Introduction
Remote attackers can crash or take control of production AI inference servers with a single HTTP request. CVE-2025-23311 exposes a critical stack-based buffer overflow in NVIDIA Triton Inference Server, a platform widely used to deploy machine learning models at scale. This vulnerability allows unauthenticated remote exploitation, threatening the integrity and availability of AI workloads in enterprise and cloud environments.
About NVIDIA Triton Inference Server: NVIDIA Triton Inference Server is an open-source software platform that streamlines the deployment of AI models on GPUs, CPUs, and other hardware. It is used by major enterprises and cloud providers to serve machine learning models for applications in healthcare, finance, autonomous vehicles, and more. Triton is a cornerstone of NVIDIA's AI software ecosystem, powering production inference for thousands of organizations globally.
Technical Information
CVE-2025-23311 is a stack-based buffer overflow vulnerability (CWE-121) affecting all versions of NVIDIA Triton Inference Server up to and including 25.06. The flaw resides in the HTTP request handling logic, specifically in the use of the alloca()
function for stack allocation.
The vulnerable code path is triggered when the server processes HTTP requests using libevent's evbuffer_peek()
function. This function returns the number of buffer segments (iovec structures) required to represent the HTTP request. The segment count is then used as the size argument to alloca()
, allocating an array of evbuffer_iovec
structures on the stack. If an attacker can influence the number of segments, they can control the size of the stack allocation.
HTTP chunked transfer encoding allows clients to send data in many small chunks. By crafting a request with thousands of small chunks, an attacker can cause libevent to fragment the request into a large number of segments. Trail of Bits researchers demonstrated that a 3MB HTTP request with many small chunks can exhaust stack space and trigger a segmentation fault, crashing the server. Each 6-byte chunk results in 16 bytes of stack allocation, so the amplification effect is significant.
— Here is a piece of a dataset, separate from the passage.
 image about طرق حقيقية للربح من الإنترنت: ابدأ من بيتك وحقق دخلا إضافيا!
Endpoints affected include:
- Inference requests
- Repository index requests
- Model load and unload operations
- Trace and logging configuration
- Shared memory registration
Authentication is optional and disabled by default for most endpoints, so unauthenticated attackers can exploit this issue remotely.
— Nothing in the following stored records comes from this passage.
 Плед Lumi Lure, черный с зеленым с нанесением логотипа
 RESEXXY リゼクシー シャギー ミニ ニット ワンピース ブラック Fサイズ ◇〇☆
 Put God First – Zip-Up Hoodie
This vulnerability was present in the Triton codebase for over five years and was identified using both static analysis tools (such as Semgrep) and manual review. The root cause is the lack of bounds checking when allocating stack memory based on untrusted input.
Patch Information
NVIDIA has addressed multiple critical vulnerabilities in the Triton Inference Server by releasing version 25.07. This update mitigates issues that could lead to remote code execution, denial of service, information disclosure, and data tampering. Users are strongly advised to upgrade to version 25.07 to secure their systems. The updated version is available on the Triton Inference Server Releases page on GitHub. (nvidia.custhelp.com)
Affected Systems and Versions
- NVIDIA Triton Inference Server versions up to and including 25.06 are affected.
- All deployments exposing HTTP endpoints are vulnerable, especially those with authentication disabled (the default configuration).
- The vulnerability impacts multiple endpoints, including inference, repository index, and administrative operations.
Vendor Security History
NVIDIA has a history of addressing security issues in both hardware and software products. Previous vulnerabilities have affected GPU drivers, container runtimes, and AI software platforms. The company responded rapidly to coordinated disclosures for Triton Inference Server, releasing a patch within the coordinated timeline. However, the discovery of multiple related vulnerabilities in the same release cycle highlights the need for improved secure coding practices and more rigorous security testing in Triton's development lifecycle.